Одной из наиболее важных черт эстетической системы психологически-бытового фильма является стремление автора идти не от умозрительно сконструированного идейного положения, не от абстрактного замысла, а от ‹…› явлений действительности. ‹…› Этому пути Герасимов следовал в фильмах, предшествовавших «Учителю» («Семеро смелых», «Комсомольск») и поставленных в дальнейшем («Молодая гвардия», «Тихий Дон»). В фильме же «Учитель» чувствуется присутствие умозрительной заданности. Ею нанесен значительный ущерб центральному образу. Степан Лаутин слабо осязаем как выхваченный из жизни человек. Скорее он выглядит откровенным, морализующим воплощением авторского замысла.
Нельзя сказать, что это персонаж, лишенный характера. Однако характер Лаутина воспринимается в том ограниченном качестве, которое достаточно только для отнесения человека к определенному психологическому типу («сдержанно-рассудительная, скромная натура»). Такому характеру чтобы стать живым, не хватает сложного сочетания неповторимо-своеобразных индивидуальных черт. Чтобы понять это, стоит сличить между собой игру Б. Чиркова в «Максиме» и «Учителе». Во втором из этих фильмов созданный образ выглядит остатком от вычитания индивидуальных свойств, которые сформировали живой образ Максима. Осталось общее, и к нему ничего (или почти ничего) не прибавлено.
Максим извлечен из жизни, Лаутин — из «соображения». Чтобы охарактеризовать Максима, авторам критических статей понадобилось прибегнуть ко многим эпитетам. Для характеристики Лаутина это оказалось ненужным.

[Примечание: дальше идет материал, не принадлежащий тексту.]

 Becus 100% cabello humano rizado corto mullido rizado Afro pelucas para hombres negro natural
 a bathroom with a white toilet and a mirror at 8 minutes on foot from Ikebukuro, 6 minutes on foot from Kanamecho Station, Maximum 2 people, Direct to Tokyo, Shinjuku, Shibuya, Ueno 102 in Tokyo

Не только характер, но и внешний облик учителя Лаутина бледен. Он лишен тех частных подробностей, которые обычно сближают образ с жизнью, делают его жизненно ощутимым. Даже выбор костюма Лаутина основывался не на живых наблюдениях, а на отвлеченной задаче. Можно предположить, что она была примерно такой: «Пусть своей корректной внешностью, подтянутым видом учитель служит примером аккуратности». Во исполнение этой задачи Лаутин-младший, несмотря на летний зной, почти неизменно находится в пиджачной паре и при галстуке. Этот умозрительно выбранный наряд весьма заметно контрастировал с тщательно выбранными костюмами ряда других персонажей.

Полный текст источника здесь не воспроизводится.